|Hyperaudio Applications and Demos||Mark Boas||11/17/11 8:57 AM|
Applications and Demos
Proof of concept : http://happyworm.com/jPlayerLab/audiotextsync/v13/
Danish Radio Demo - Hyperdisken Programme : http://yoyodyne.cc/h/ -
Minnesota Public Radio - http://minnesota.publicradio.org/proto/hyperAudio/ (based on Hyperdisken)
Radiolab / Soundcloud : http://hyper-audio.org/r/
Henrik Moltke Interview on DR : http://happyworm.com/clientarea/hyperaudio/htdemo/
Hyperaudio Pad Prototype : http://happyworm.com/clientarea/hyperaudio/hap/
(work in progress - click on the latest version number to start)

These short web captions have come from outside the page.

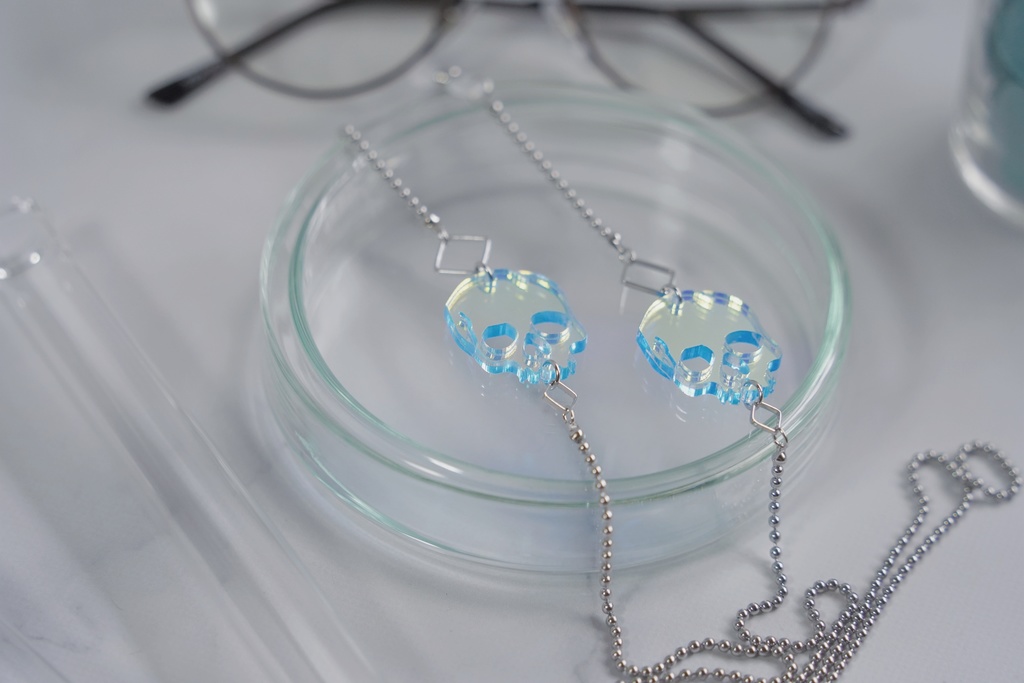 夢色スカルの眼鏡チェーン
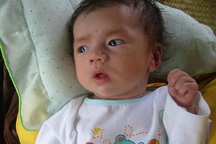 Bé Nhân Đức được chuyển lên TPHCM điều trị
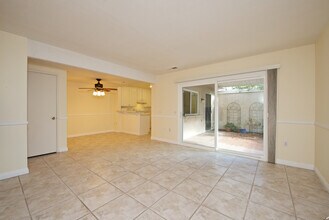 1432 Caminito Septimo in Encinitas, CA - Building Photo - Building Photo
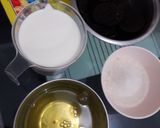 Foto langkah ke 1 dari resep Avocado oreo chocolate Pudding.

|unk...@googlegroups.com||11/18/11 1:25 AM||<This message has been deleted.>|
|Re: Hyperaudio Applications and Demos||Mark Boas||12/13/11 10:12 AM|
A screencast I made yesterday demoing the Hyperaudio Pad. http://happyworm.com/screencams/hyperaudiopad/2011-12-12/
|Re: Hyperaudio Applications and Demos||Matthew Terenzio||12/13/11 4:27 PM|
Very good. I'm beginning to get it. Wheels are turning . . .
|Re: Hyperaudio Applications and Demos||Mark Boas||12/14/11 2:54 AM|
Good to hear Matt - if you have any ideas or can think of any uses cases, I'd love to hear them.
|Re: Hyperaudio Applications and Demos||Mark Boas||1/30/12 1:43 AM|
This popped up in my tweet-stream.
“@MattWilcox: My problem with video blogs is they take too damned long to consume. Give me the details in text, if I'm interested, I'll watch.”
It seems there is a need for Hyperaudio in all sorts of circumstances, the trick is to make the process of making Hyperaudio easy enough for the every day producer. This is what I hope we can focus on.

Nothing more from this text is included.